## Data:
□ □ □

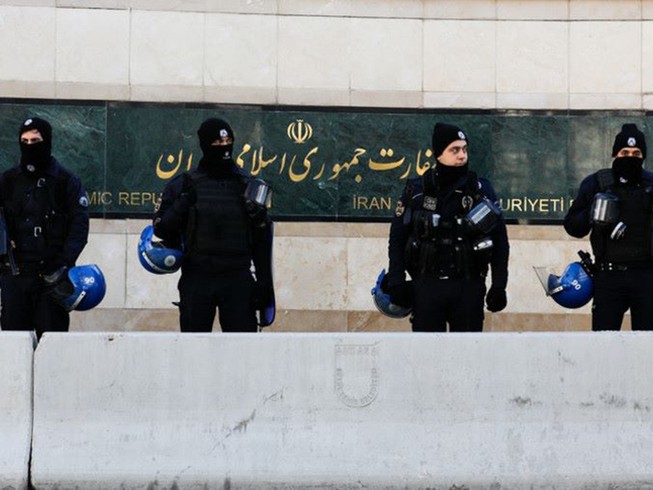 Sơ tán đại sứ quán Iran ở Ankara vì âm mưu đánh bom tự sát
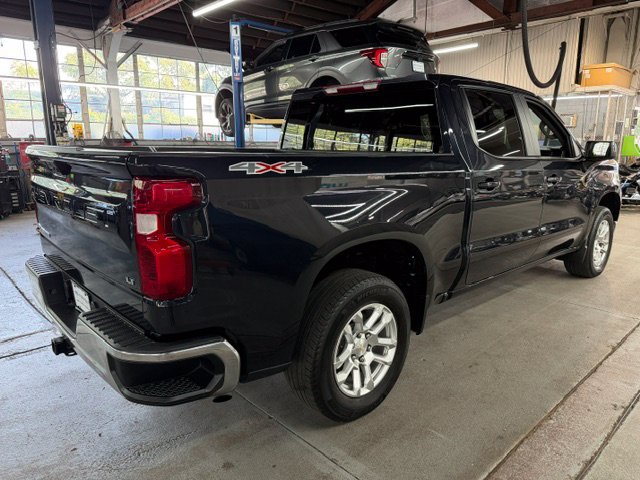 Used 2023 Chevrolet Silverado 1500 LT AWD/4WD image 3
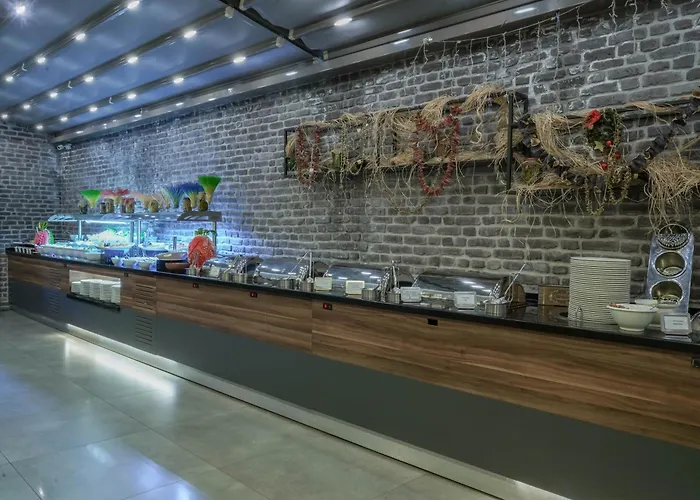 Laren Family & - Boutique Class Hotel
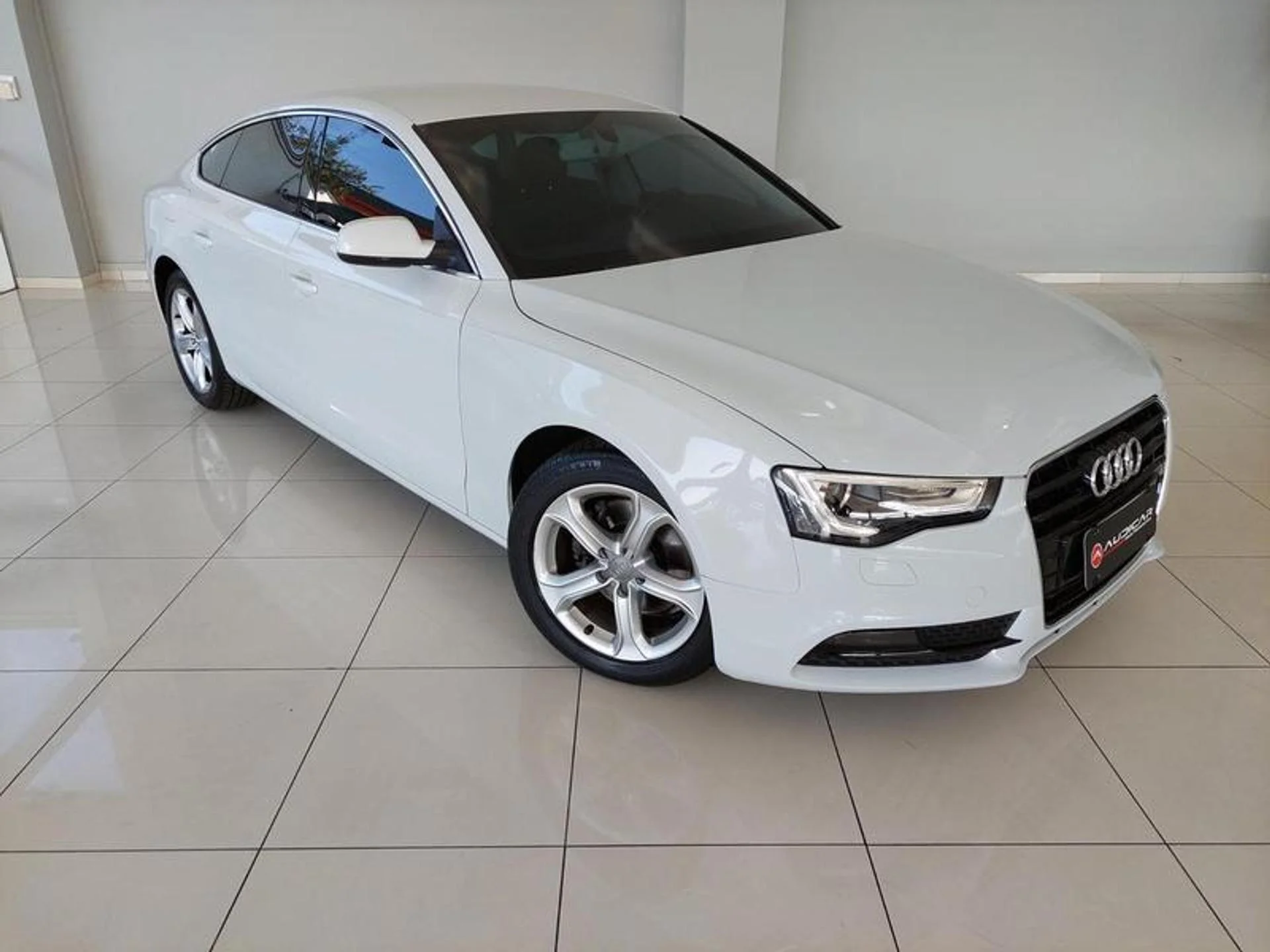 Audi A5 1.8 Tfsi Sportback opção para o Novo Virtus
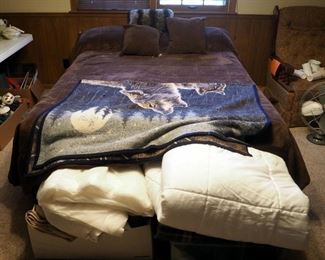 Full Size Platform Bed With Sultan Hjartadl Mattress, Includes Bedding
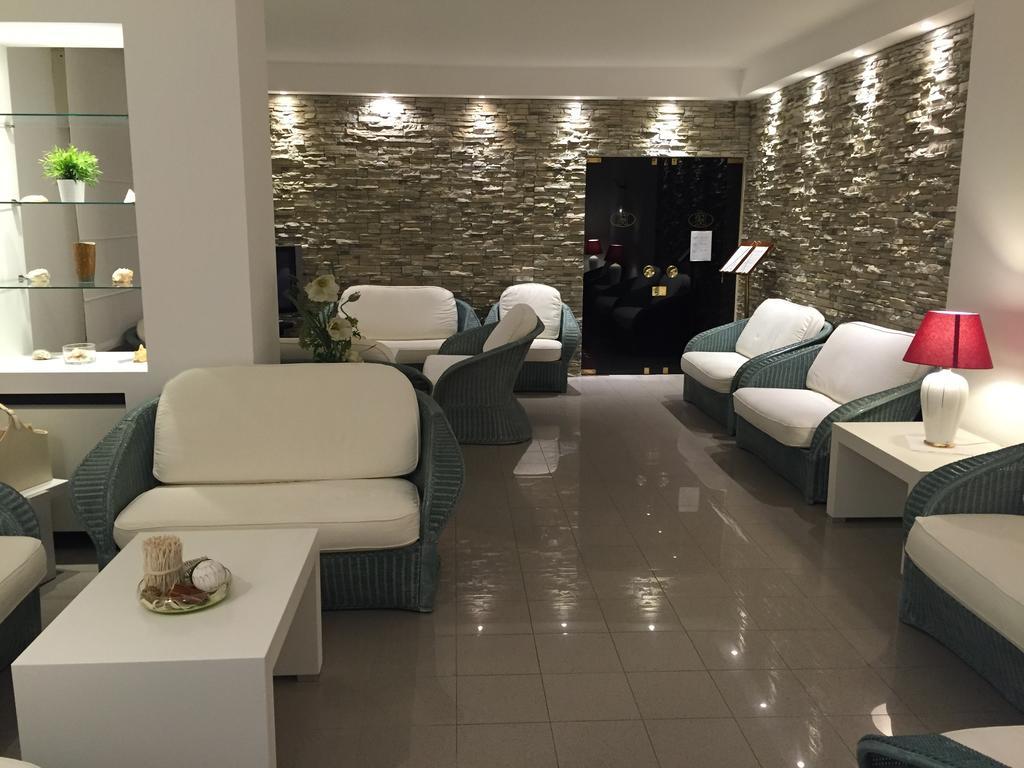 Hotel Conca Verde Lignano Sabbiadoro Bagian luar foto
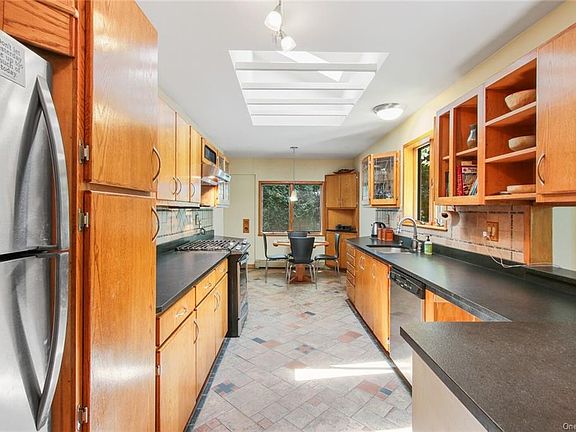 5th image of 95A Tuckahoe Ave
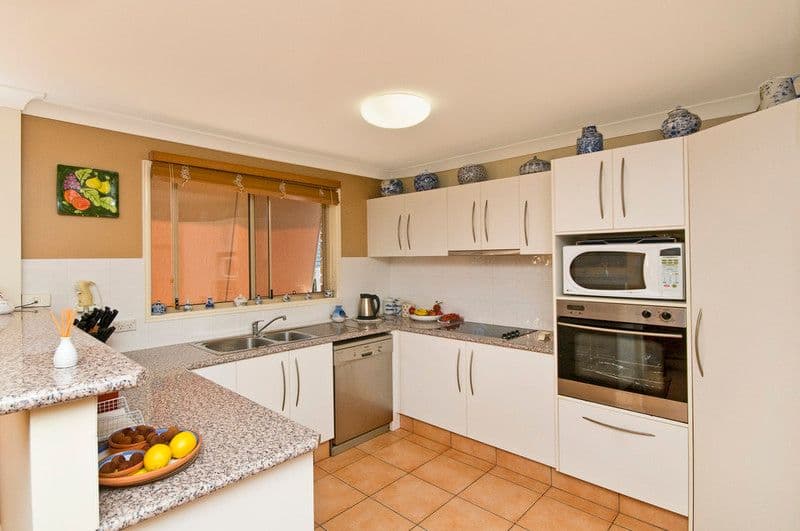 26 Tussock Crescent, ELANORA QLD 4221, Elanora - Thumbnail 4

□ □ □

## Instructions to follow:
Using the data above, print every line exactly, omitting pictures.

## Result for this task:
 Sơ tán đại sứ quán Iran ở Ankara vì âm mưu đánh bom tự sát
 Used 2023 Chevrolet Silverado 1500 LT AWD/4WD image 3
 Laren Family & - Boutique Class Hotel
 Audi A5 1.8 Tfsi Sportback opção para o Novo Virtus
 Full Size Platform Bed With Sultan Hjartadl Mattress, Includes Bedding
 Hotel Conca Verde Lignano Sabbiadoro Bagian luar foto
 5th image of 95A Tuckahoe Ave
 26 Tussock Crescent, ELANORA QLD 4221, Elanora - Thumbnail 4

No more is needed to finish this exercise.